この記事を書いた人 アバター画像 与那嶺 明彦
記者会見でサキタリ洞遺跡で出土した釣り針などについて説明する関係者=17日、沖縄県立博物館・美術館

 人類学、考古学上の大発見が続いている沖縄県南城市のサキタリ洞で再び画期的な発見があった。

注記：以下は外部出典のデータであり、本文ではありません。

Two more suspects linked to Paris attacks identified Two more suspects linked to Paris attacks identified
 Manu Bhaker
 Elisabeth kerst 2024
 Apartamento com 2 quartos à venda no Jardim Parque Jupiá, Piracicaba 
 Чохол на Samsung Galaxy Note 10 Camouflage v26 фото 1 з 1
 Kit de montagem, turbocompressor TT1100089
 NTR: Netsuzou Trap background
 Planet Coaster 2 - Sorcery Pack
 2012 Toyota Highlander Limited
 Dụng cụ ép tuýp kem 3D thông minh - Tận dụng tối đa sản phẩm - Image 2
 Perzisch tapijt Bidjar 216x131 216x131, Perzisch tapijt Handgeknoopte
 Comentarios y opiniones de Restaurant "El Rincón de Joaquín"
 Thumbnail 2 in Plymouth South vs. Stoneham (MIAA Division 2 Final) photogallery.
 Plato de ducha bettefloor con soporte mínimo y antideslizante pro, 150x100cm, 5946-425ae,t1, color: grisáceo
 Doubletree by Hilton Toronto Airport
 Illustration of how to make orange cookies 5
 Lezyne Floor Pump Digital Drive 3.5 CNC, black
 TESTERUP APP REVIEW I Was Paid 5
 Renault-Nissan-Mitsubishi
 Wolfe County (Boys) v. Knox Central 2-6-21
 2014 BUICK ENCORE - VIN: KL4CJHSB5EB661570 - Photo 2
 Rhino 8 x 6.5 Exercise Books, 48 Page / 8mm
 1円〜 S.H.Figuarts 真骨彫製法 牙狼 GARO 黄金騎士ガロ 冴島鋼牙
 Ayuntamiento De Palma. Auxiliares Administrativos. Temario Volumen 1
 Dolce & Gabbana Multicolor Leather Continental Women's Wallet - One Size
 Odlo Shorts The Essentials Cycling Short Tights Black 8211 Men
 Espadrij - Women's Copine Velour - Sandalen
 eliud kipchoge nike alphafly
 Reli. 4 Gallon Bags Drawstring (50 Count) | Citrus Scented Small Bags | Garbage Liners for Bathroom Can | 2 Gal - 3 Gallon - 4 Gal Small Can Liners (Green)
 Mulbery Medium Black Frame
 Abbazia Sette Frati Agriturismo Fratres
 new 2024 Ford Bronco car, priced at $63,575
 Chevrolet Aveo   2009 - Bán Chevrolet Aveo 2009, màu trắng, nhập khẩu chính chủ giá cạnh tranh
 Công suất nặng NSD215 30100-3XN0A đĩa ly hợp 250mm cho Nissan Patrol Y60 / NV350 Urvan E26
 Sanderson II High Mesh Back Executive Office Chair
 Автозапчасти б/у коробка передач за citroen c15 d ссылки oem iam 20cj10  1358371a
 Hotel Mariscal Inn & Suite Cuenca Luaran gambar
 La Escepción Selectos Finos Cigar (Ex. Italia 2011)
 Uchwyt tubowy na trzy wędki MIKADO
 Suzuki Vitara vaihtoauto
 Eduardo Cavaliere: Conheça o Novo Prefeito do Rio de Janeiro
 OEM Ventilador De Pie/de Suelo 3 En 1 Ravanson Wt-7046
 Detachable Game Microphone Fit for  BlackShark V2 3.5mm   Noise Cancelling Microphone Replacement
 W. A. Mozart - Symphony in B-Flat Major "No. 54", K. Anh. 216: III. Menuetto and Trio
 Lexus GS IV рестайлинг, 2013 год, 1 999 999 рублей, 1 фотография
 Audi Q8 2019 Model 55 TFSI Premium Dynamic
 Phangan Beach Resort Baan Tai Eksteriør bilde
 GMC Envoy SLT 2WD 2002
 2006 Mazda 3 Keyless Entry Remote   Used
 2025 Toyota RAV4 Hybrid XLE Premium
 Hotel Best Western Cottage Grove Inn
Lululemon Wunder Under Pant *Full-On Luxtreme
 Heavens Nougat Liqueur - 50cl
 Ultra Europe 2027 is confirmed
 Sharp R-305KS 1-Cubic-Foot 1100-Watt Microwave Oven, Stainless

 3万5千年以上前から沖縄に人類が住んでいたことが確かになり、山下洞人、港川人など、1960年代に発見された人骨の年代への疑問が払拭(ふっしょく)された。そして、2万年以上継続して利用されたサキタリ洞の文化の一端が解明されたことで、沖縄旧石器文化の存在が明らかになった。時代が重なる山下洞人、港川人も同様の文化を持っていた可能性が大きい。旧石器時代と貝塚時代がつながったことで、沖縄の人々のルーツを考える新たな視座が示されたといえるだろう。

 米総合科学雑誌PNASに掲載された論文のタイトルは「西太平洋海岸域における先進的な海洋適応は3万5千~3万年前にさかのぼる」。食用になる陸上動物が少ない沖縄で独特の先進的な漁労文化が発達したと見ることができ、日本本土でも同じような文化があった可能性もある。

 沖縄における旧石器文化と貝塚文化はどうつながったのか、日本本土の縄文文化への影響はどうだったのかも今後の研究課題だ。先島と沖縄島以北で人類の到達ルートは違うのか、交流はあったのかなどの解明も待たれる。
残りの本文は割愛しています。